> [Requirement]:
Transcribe exactly, and only, the lines from the one containing "Renault Captur avec Climatisation" through the last line of the data.

> [Stored data entries]:
=======
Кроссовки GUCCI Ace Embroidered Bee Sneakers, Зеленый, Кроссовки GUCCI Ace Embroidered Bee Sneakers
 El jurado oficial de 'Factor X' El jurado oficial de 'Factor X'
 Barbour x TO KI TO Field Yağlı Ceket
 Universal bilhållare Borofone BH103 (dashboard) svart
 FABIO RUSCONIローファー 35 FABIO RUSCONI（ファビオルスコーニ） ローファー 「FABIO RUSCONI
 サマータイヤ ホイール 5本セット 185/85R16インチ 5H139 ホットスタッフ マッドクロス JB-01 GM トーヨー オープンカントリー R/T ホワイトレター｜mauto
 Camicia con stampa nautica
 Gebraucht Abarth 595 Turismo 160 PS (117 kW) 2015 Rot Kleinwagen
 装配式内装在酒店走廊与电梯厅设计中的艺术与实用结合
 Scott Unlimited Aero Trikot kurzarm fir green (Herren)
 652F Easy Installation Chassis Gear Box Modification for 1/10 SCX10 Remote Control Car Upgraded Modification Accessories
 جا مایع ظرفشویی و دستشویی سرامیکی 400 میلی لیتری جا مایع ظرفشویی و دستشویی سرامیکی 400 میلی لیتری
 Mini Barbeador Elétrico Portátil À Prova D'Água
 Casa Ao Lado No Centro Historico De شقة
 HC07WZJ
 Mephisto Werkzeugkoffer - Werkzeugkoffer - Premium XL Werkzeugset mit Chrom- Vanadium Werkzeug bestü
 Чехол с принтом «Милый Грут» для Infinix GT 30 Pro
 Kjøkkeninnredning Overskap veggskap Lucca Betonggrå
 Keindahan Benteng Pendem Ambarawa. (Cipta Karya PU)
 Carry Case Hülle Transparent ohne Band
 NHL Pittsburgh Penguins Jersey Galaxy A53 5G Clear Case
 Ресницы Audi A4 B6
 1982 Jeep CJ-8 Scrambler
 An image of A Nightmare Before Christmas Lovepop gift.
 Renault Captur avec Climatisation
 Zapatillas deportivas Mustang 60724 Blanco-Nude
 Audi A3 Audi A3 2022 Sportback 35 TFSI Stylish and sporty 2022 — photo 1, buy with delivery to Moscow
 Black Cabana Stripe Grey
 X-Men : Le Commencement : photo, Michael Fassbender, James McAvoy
=======
> [Response area]:
 Renault Captur avec Climatisation
 Zapatillas deportivas Mustang 60724 Blanco-Nude
 Audi A3 Audi A3 2022 Sportback 35 TFSI Stylish and sporty 2022 — photo 1, buy with delivery to Moscow
 Black Cabana Stripe Grey
 X-Men : Le Commencement : photo, Michael Fassbender, James McAvoy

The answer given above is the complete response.